• Exercise: In the answer, each entry below appears exactly as given, and no picture appears at all.

(Items listed in a dataset)
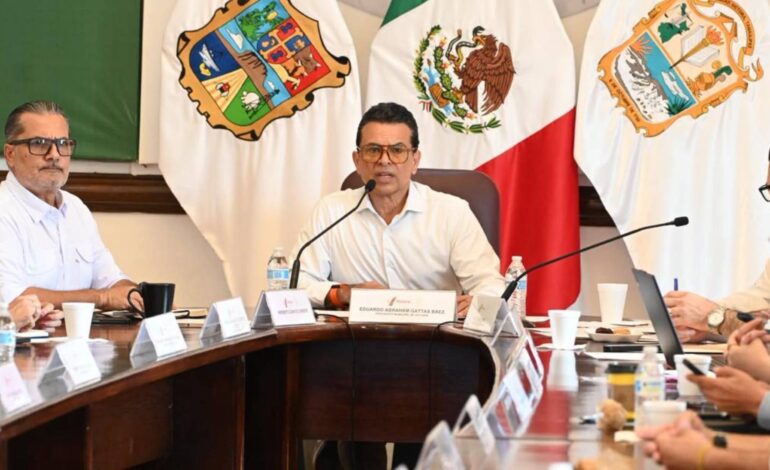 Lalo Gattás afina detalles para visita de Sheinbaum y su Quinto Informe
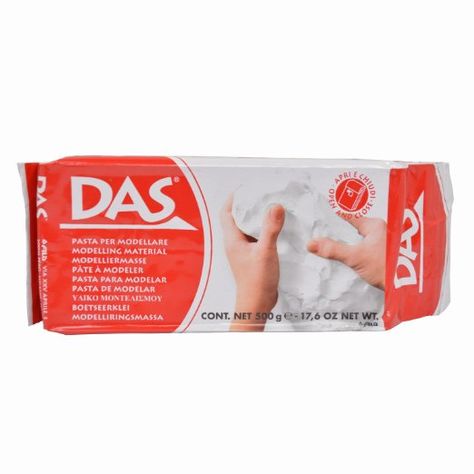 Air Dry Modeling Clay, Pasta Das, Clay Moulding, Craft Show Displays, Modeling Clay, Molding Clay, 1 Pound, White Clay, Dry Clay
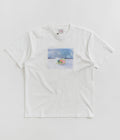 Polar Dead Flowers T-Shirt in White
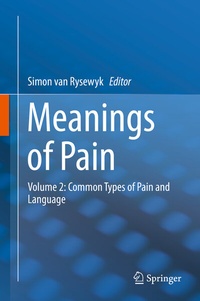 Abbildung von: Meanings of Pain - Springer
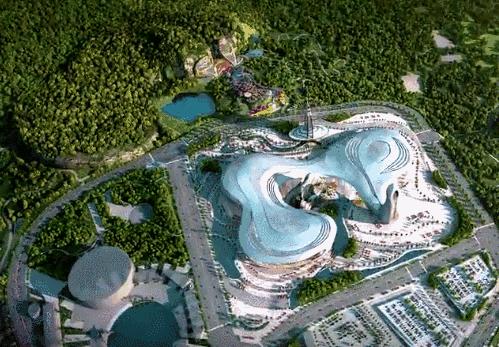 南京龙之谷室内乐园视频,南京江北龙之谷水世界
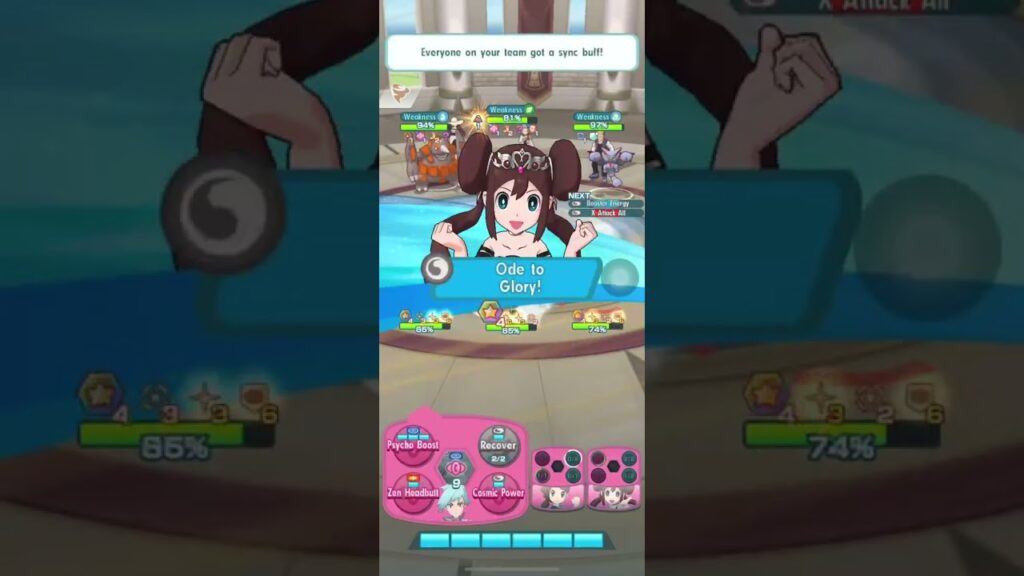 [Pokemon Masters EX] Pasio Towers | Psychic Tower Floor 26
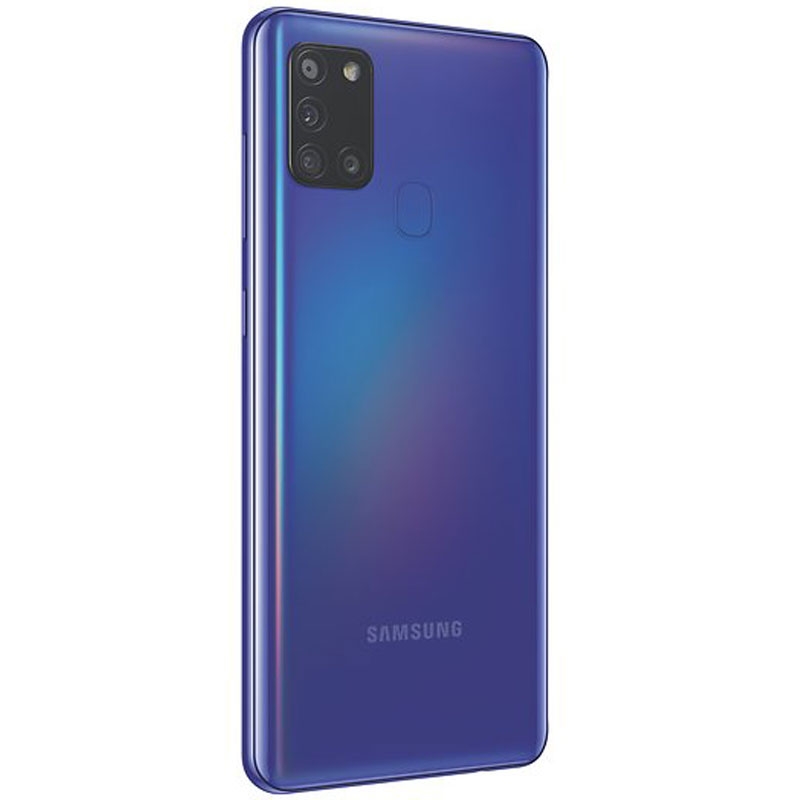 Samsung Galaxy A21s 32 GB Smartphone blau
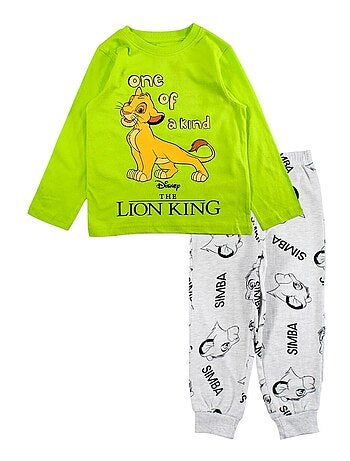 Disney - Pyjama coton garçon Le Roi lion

• Problem solution:
 Lalo Gattás afina detalles para visita de Sheinbaum y su Quinto Informe
 Air Dry Modeling Clay, Pasta Das, Clay Moulding, Craft Show Displays, Modeling Clay, Molding Clay, 1 Pound, White Clay, Dry Clay
 Polar Dead Flowers T-Shirt in White
 Abbildung von: Meanings of Pain - Springer
 南京龙之谷室内乐园视频,南京江北龙之谷水世界
 [Pokemon Masters EX] Pasio Towers | Psychic Tower Floor 26
 Samsung Galaxy A21s 32 GB Smartphone blau
 Disney - Pyjama coton garçon Le Roi lion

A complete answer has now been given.